Climate data for Takamori (1991−2020 normals, extremes 1977−present)
| Month | Jan | Feb | Mar | Apr | May | Jun | Jul | Aug | Sep | Oct | Nov | Dec | Year |
| Record high °C (°F) | 18.8 (65.8) | 20.8 (69.4) | 25.9 (78.6) | 28.0 (82.4) | 31.0 (87.8) | 34.2 (93.6) | 34.9 (94.8) | 35.8 (96.4) | 33.3 (91.9) | 29.3 (84.7) | 24.7 (76.5) | 21.0 (69.8) | 35.8 (96.4) |
| Mean daily maximum °C (°F) | 6.8 (44.2) | 8.8 (47.8) | 12.7 (54.9) | 18.0 (64.4) | 22.6 (72.7) | 24.6 (76.3) | 28.4 (83.1) | 29.2 (84.6) | 26.0 (78.8) | 20.9 (69.6) | 15.3 (59.5) | 9.3 (48.7) | 18.6 (65.4) |
| Daily mean °C (°F) | 2.2 (36.0) | 3.6 (38.5) | 7.1 (44.8) | 12.2 (54.0) | 16.9 (62.4) | 20.3 (68.5) | 23.9 (75.0) | 24.3 (75.7) | 21.1 (70.0) | 15.5 (59.9) | 9.9 (49.8) | 4.2 (39.6) | 13.4 (56.2) |
| Mean daily minimum °C (°F) | −2.0 (28.4) | −1.1 (30.0) | 2.0 (35.6) | 6.6 (43.9) | 11.7 (53.1) | 16.5 (61.7) | 20.5 (68.9) | 20.8 (69.4) | 17.2 (63.0) | 10.8 (51.4) | 4.9 (40.8) | −0.4 (31.3) | 9.0 (48.1) |
| Record low °C (°F) | −13.2 (8.2) | −12.6 (9.3) | −8.6 (16.5) | −4.2 (24.4) | 2.1 (35.8) | 6.7 (44.1) | 11.6 (52.9) | 12.7 (54.9) | 4.9 (40.8) | −1.4 (29.5) | −4.9 (23.2) | −9.5 (14.9) | −13.2 (8.2) |
| Average precipitation mm (inches) | 74.6 (2.94) | 105.9 (4.17) | 156.7 (6.17) | 164.1 (6.46) | 189.7 (7.47) | 536.0 (21.10) | 447.9 (17.63) | 229.5 (9.04) | 250.5 (9.86) | 113.1 (4.45) | 91.5 (3.60) | 75.5 (2.97) | 2,435.1 (95.87) |
| Average precipitation days (≥ 1.0 mm) | 8.1 | 9.6 | 12.2 | 11.4 | 10.5 | 16.2 | 15.5 | 12.8 | 11.5 | 8.4 | 8.3 | 8.3 | 132.8 |
| Mean monthly sunshine hours | 116.3 | 125.1 | 151.8 | 177.3 | 184.0 | 115.0 | 147.4 | 171.8 | 139.2 | 163.5 | 138.7 | 126.2 | 1,761.4 |
Source: Japan Meteorological Agency

===Demographics===
Per Japanese census data, the population of Takamori in 2020 is 5,789 people.
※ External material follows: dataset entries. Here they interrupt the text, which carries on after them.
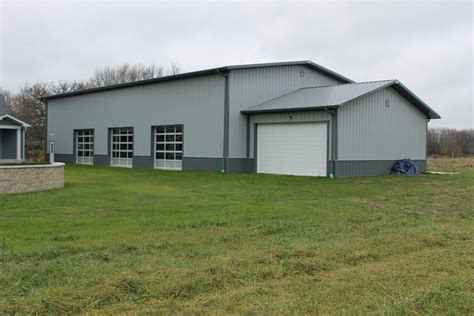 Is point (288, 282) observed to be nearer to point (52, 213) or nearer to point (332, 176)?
point (52, 213)

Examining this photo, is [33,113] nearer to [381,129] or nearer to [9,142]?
[9,142]

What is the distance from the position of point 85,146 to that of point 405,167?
20255mm


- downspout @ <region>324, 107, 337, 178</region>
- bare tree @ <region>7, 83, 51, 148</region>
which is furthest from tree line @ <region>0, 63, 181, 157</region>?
downspout @ <region>324, 107, 337, 178</region>

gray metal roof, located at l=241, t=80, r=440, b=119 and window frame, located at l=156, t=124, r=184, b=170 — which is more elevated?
gray metal roof, located at l=241, t=80, r=440, b=119

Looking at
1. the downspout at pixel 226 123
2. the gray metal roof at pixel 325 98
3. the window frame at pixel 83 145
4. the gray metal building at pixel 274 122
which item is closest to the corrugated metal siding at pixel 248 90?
the gray metal building at pixel 274 122

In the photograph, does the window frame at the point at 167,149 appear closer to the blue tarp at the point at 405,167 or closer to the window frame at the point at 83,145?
the window frame at the point at 83,145

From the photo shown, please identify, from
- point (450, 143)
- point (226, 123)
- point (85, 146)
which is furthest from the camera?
point (450, 143)

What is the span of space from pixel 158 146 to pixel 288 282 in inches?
901

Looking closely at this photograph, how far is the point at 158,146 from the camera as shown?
27.6 m

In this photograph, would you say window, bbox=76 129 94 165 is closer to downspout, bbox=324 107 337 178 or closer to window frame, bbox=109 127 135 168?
window frame, bbox=109 127 135 168

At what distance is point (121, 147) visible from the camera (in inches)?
1183

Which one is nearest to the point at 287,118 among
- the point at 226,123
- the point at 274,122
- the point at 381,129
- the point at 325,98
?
the point at 274,122

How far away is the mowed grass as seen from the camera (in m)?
4.64

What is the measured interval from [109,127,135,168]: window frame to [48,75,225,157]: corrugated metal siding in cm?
34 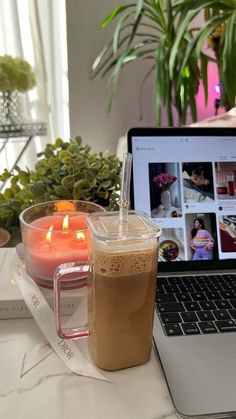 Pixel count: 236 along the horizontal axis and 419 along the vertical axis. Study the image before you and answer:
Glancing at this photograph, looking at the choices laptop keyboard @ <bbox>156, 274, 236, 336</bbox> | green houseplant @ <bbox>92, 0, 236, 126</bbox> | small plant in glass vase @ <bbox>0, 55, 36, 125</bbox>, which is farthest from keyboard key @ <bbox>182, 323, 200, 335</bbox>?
green houseplant @ <bbox>92, 0, 236, 126</bbox>

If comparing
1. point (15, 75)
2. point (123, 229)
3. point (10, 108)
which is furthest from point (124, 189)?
point (10, 108)

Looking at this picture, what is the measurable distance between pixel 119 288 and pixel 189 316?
17 centimetres

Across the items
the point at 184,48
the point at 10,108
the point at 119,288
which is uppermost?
the point at 184,48

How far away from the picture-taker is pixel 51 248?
1.69ft

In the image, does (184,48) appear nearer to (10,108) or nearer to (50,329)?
(10,108)

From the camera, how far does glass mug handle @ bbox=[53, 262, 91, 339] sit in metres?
0.41

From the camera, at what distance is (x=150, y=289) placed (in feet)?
1.31

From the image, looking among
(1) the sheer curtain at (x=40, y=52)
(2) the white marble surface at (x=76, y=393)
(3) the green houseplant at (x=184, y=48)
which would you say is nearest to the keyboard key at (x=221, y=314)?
(2) the white marble surface at (x=76, y=393)

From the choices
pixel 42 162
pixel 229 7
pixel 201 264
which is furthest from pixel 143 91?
pixel 201 264

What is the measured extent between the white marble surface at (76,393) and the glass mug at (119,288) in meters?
0.02

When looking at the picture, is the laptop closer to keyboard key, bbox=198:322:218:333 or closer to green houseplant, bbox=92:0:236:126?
keyboard key, bbox=198:322:218:333

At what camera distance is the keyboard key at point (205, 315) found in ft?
1.65

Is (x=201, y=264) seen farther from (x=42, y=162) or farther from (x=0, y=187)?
(x=0, y=187)

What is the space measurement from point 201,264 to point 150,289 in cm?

Takamori has been conducting censuses since 1920.

==History==
The area of Takamori was part of ancient Higo Province, During the Edo Period it was part of the holdings of Kumamoto Domain. After the Meiji restoration, the town of Takamori was established on April 1, 1889 with the creation of the modern municipalities system.

==Government==
Takamori has a mayor-council form of government with a directly elected mayor and a unicameral town council of ten members. Takamori, collectively with the other municipalities in Aso District, contributes one member to the Kumamoto Prefectural Assembly. In terms of national politics, the town is part of the Kumamoto 3rd district of the lower house of the Diet of Japan.

== Economy ==
The main industries of Takamori are agriculture, forestry, and tourism. Agriculture has developed through field crops, rice cultivation, flower and tobacco production, livestock farming, and forestry. In recent years, the branding of highland vegetables such as radishes and cabbages has been promoted, and watermelon and melon production has also become popular.

==Education==
Takamori has one public elementary school and one public junior high school operated by the town government and one public high school operated by the Kumamoto Prefectural Board of Education.